◆ **What is required**
Output every line below as it stands, dropping only the images.

◆ **Given entries**

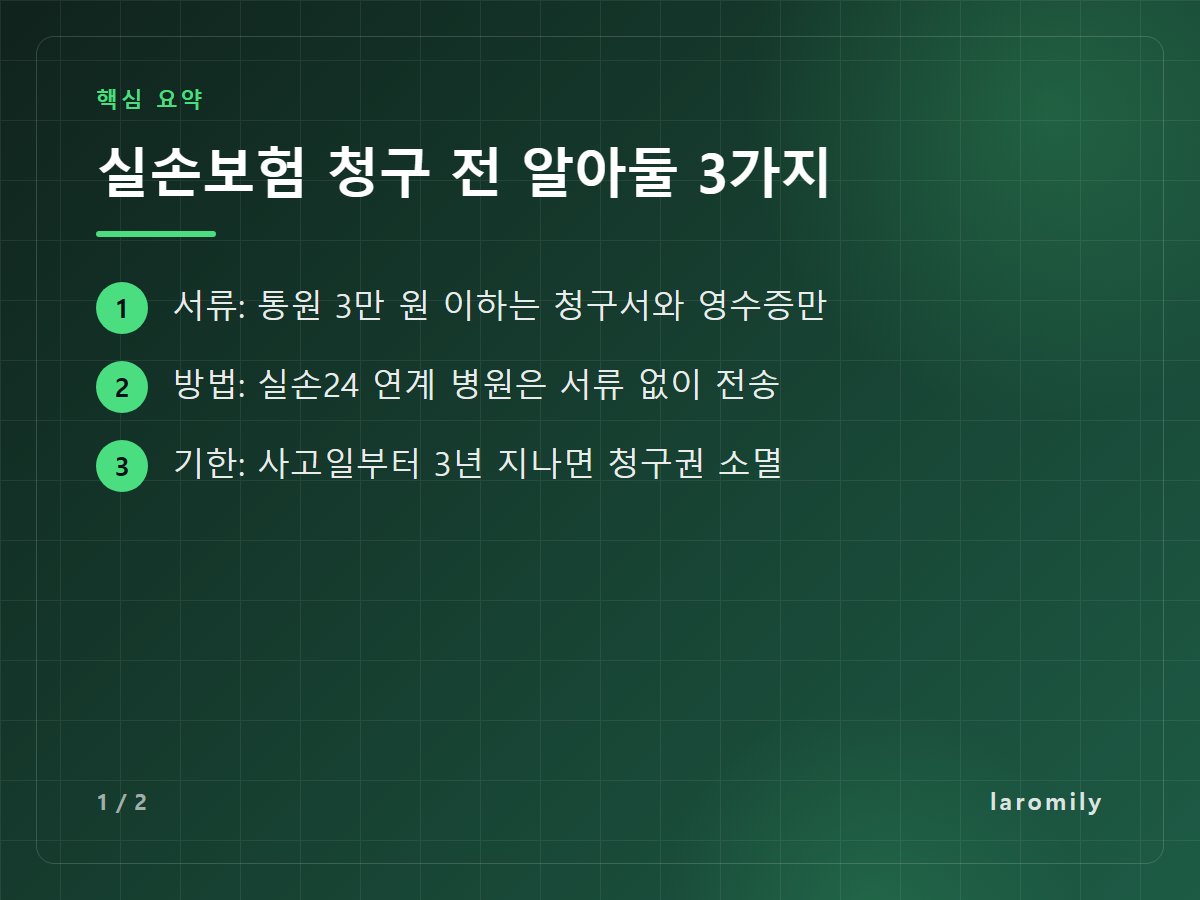 실손보험 청구 전 알아둘 3가지 — 서류: 통원 3만 원 이하는 청구서와 영수증만 / 방법: 실손24 연계 병원은 서류 없이 전송 / 기한: 사고일부터 3년 지나면 청구권 소멸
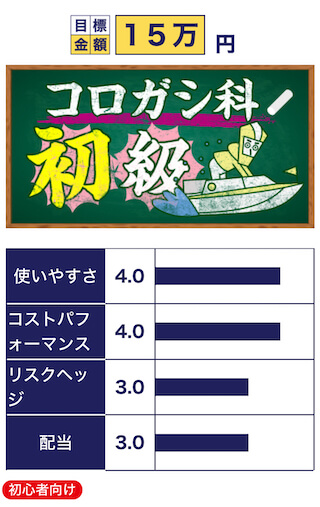 ボートアカデミーの有料プランの詳細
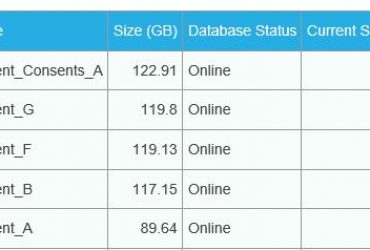 Content Database and Site Collection Report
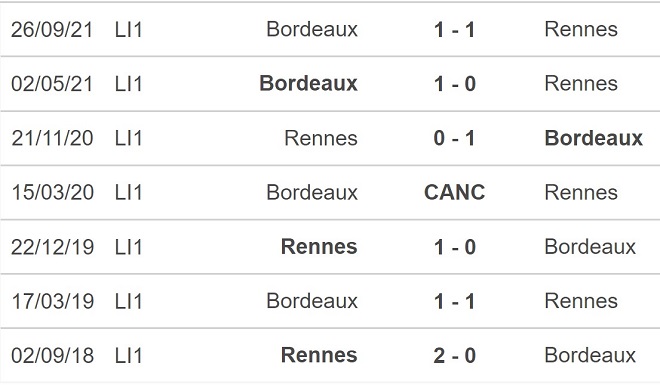 Rennes vs Bordeaux, kèo nhà cái, soi kèo Rennes vs Bordeaux, nhận định bóng đá, Rennes, Bordeaux, keo nha cai, dự đoán bóng đá, Ligue 1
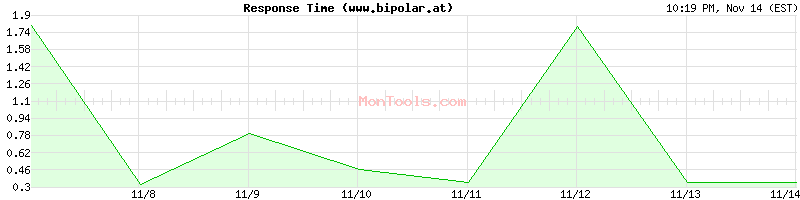 www.bipolar.at Slow or Fast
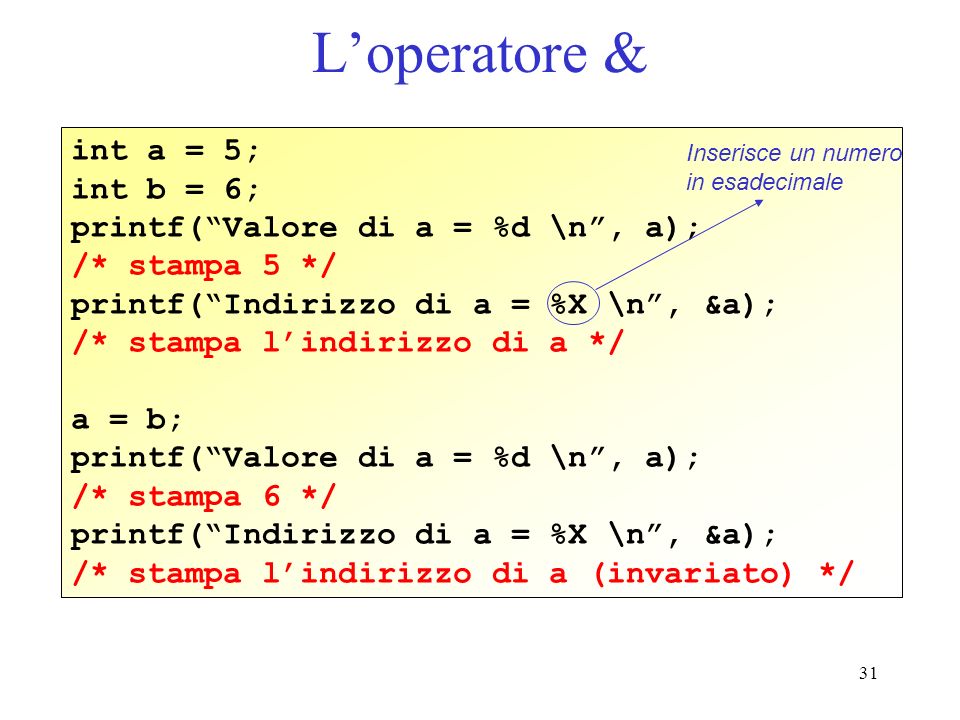 L’operatore & int a = 5; int b = 6; printf( Valore di a = %d \n , a);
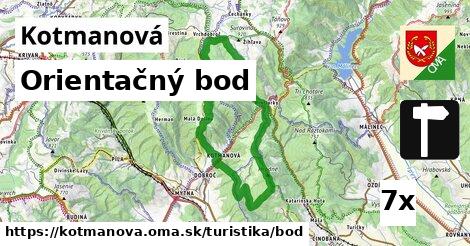 Orientačný bod, Kotmanová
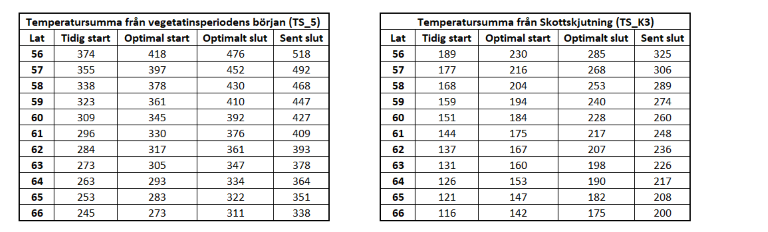 tabell1.png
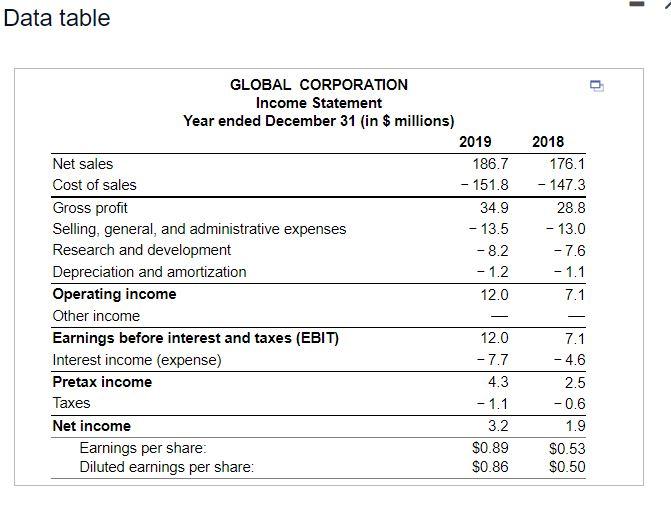 help! Global Corp. initially projected the 2019 income statement shown in the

◆ **Output for this exercise**
 실손보험 청구 전 알아둘 3가지 — 서류: 통원 3만 원 이하는 청구서와 영수증만 / 방법: 실손24 연계 병원은 서류 없이 전송 / 기한: 사고일부터 3년 지나면 청구권 소멸
 ボートアカデミーの有料プランの詳細
 Content Database and Site Collection Report
 Rennes vs Bordeaux, kèo nhà cái, soi kèo Rennes vs Bordeaux, nhận định bóng đá, Rennes, Bordeaux, keo nha cai, dự đoán bóng đá, Ligue 1
 www.bipolar.at Slow or Fast
 L’operatore & int a = 5; int b = 6; printf( Valore di a = %d \n , a);
 Orientačný bod, Kotmanová
 tabell1.png
 help! Global Corp. initially projected the 2019 income statement shown in the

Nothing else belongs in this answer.